6-1. Why Is It Strong Even Though Its Reasoning Is Short?
Gemini exposes much shorter and more concise reasoning.
On the surface it may look like it thinks less, but in practice it often shows strengths in the search ecosystem and fact-based verification.
Especially for problems where the answer depends on linking external information, it tends to narrow the scope more quickly.
6-2. The Power of Search Optimization
In tasks that require finding complex factual relationships, Gemini uses search results effectively.
This is not just a model IQ issue, but also a difference in search infrastructure and information-retrieval strategy.
6-3. What It Means in Real Work
For quick research, fact-checking, gathering the latest information, and web-based investigation work, Gemini may be more efficient.
On the other hand, for long-document synthesis, complex narrative analysis, and tasks that bundle multiple conditions, Claude is likely to be more advantageous.
7. Performance Points Seen Through Benchmarks
The two benchmarks mentioned in the original text offer quite important implications.
7-1. MRCRV2 Finding a Needle in a Long Context
This benchmark evaluates the ability to accurately distinguish and find multiple clues and hidden information within a long context.
Opus 4.6 showed high accuracy here.
This connects to high real-work value areas such as long-document reading, organizing massive meeting minutes, comparing contracts, and analyzing code repositories.
7-2. BrowseComp Searching for Complex, Intertwined Web Information
This benchmark looks at how well it finds high-difficulty information on the internet.
Opus 4.6 showed especially high performance in a multi-agent form.
In other words, it is powerful in tasks that require search-review-reverification rather than simple Q&A.
7-3. An Important Interpretation
Even if benchmark numbers are high, that does not mean it wins unconditionally in every real-world task.
As in this case, if it goes wrong at the language condition or problem-interpretation stage, even a benchmark champion can lose in real use.
8. From an Office Worker’s Perspective What to Ask Claude to Do
Now let’s move to the most practical part.
These are tasks you should ask Claude to do well, from the perspective of a non-developer office worker.

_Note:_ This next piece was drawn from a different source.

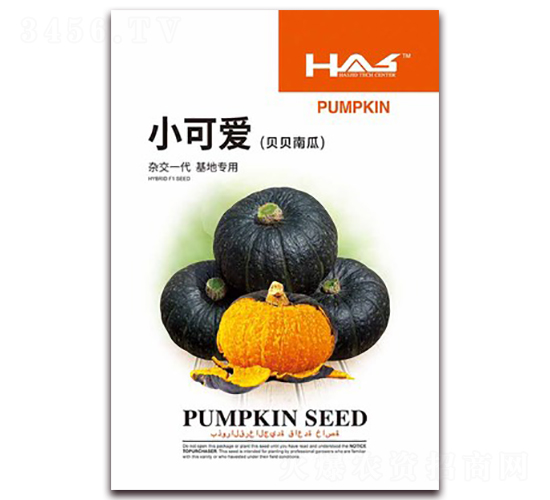 С�ɐ�(��i)ؐؐ�Ϲ�-�ϹϷN��-�β���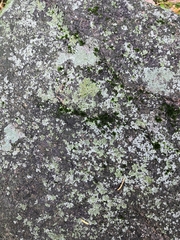 Fungi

8-1. Summarizing and Structuring Long Documents
Tasks like structuring and summarizing long and complex materials such as reports, meeting minutes, policy documents, and industry reports are where Claude is strong.

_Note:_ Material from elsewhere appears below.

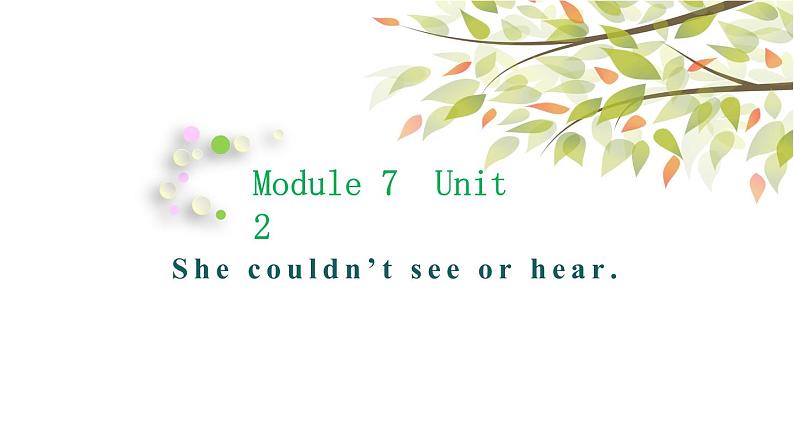 英语外研版六年级下册Module 7 Unit 2 She couldn't see or hear 课件01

It is especially useful for item-by-item comparisons, organizing core issues, and finding missing points.
8-2. Integrated Analysis Linking Multiple Sources
Conflict points between Document A and Document B,
Mismatches between meeting minutes and execution plans,
Gaps between market reports and the company’s strategy are the kinds of things it is good at finding.
8-3. Draft Writing and Tone Matching
It is suitable for tasks that require a certain level of narrative quality, such as proposals, emails, business plans, blog drafts, and presentation scripts.
Because it maintains context for a long time, it tends to carry the tone and format set at the beginning through to the end.
8-4. Designing Stepwise Workflows
Multi-step work such as “read materials → extract key points → write a draft → create counterarguments → proofread the final version” is more stable on Claude’s side.
9. From an Office Worker’s Perspective What Not to Ask Claude to Do
On the other hand, there are tasks where handing them to Claude unconditionally can be a loss.
9-1. Tasks That Only Need Short, Simple Fact Checks
For simple up-to-date information searches, quick fact-checking, and web-based instant answers, Gemini or other search-specialized models may be better.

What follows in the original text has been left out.